**Problem to work on:** Of the material below, the lines to be retyped are those from the line containing "Gingerbread Cookie Apron, Christmas" through the line containing "200° Door Viewer", inclusive; reproduce them exactly.

**Input data:**
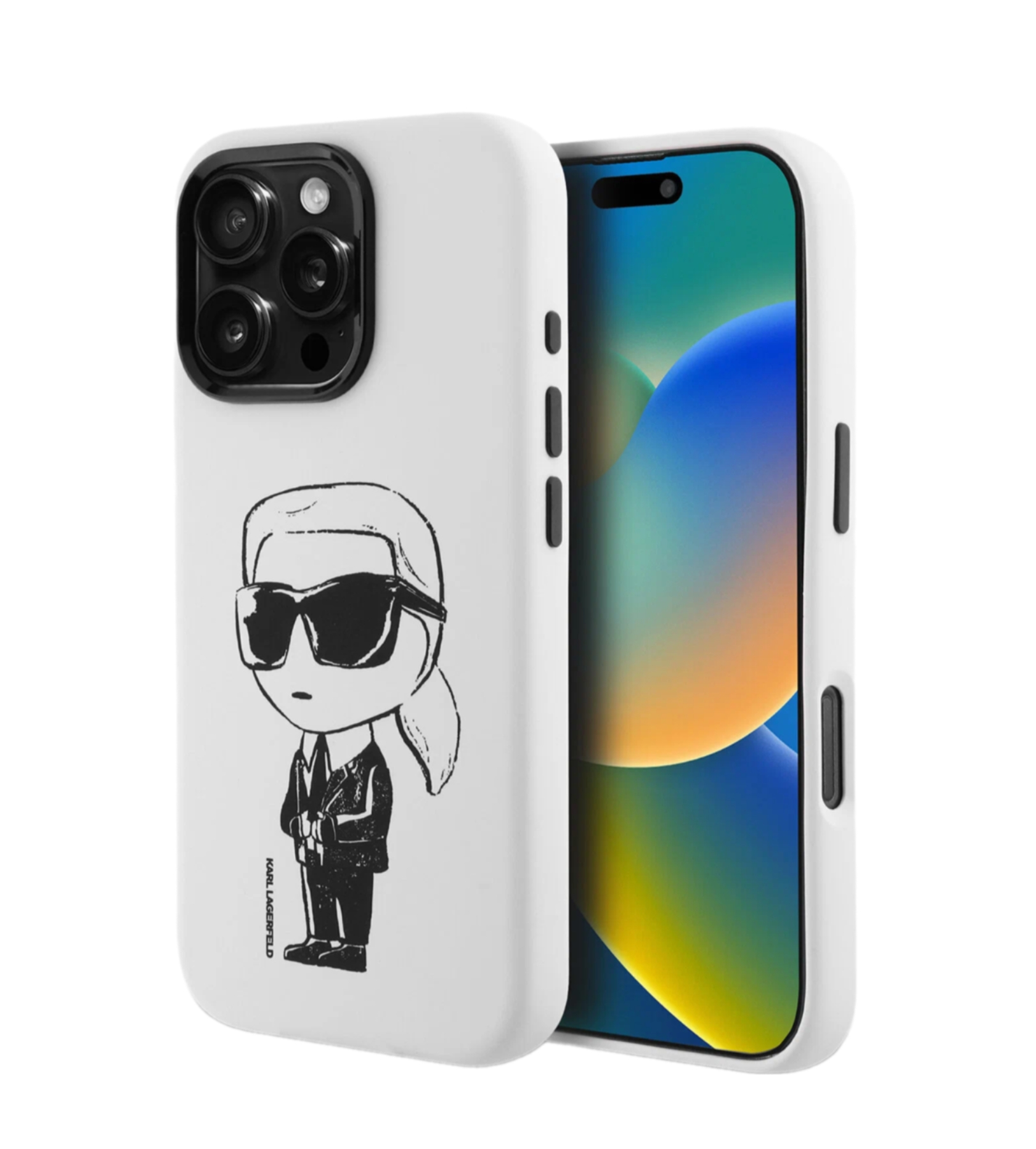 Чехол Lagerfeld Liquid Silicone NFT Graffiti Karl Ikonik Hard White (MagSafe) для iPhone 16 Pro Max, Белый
* * *
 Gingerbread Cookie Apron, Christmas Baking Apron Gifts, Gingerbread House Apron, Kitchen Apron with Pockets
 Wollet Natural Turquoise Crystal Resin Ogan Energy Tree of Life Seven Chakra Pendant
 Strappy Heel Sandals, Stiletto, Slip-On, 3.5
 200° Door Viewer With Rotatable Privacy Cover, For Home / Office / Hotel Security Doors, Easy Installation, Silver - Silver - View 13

**Result of this task:**
 Gingerbread Cookie Apron, Christmas Baking Apron Gifts, Gingerbread House Apron, Kitchen Apron with Pockets
 Wollet Natural Turquoise Crystal Resin Ogan Energy Tree of Life Seven Chakra Pendant
 Strappy Heel Sandals, Stiletto, Slip-On, 3.5
 200° Door Viewer With Rotatable Privacy Cover, For Home / Office / Hotel Security Doors, Easy Installation, Silver - Silver - View 13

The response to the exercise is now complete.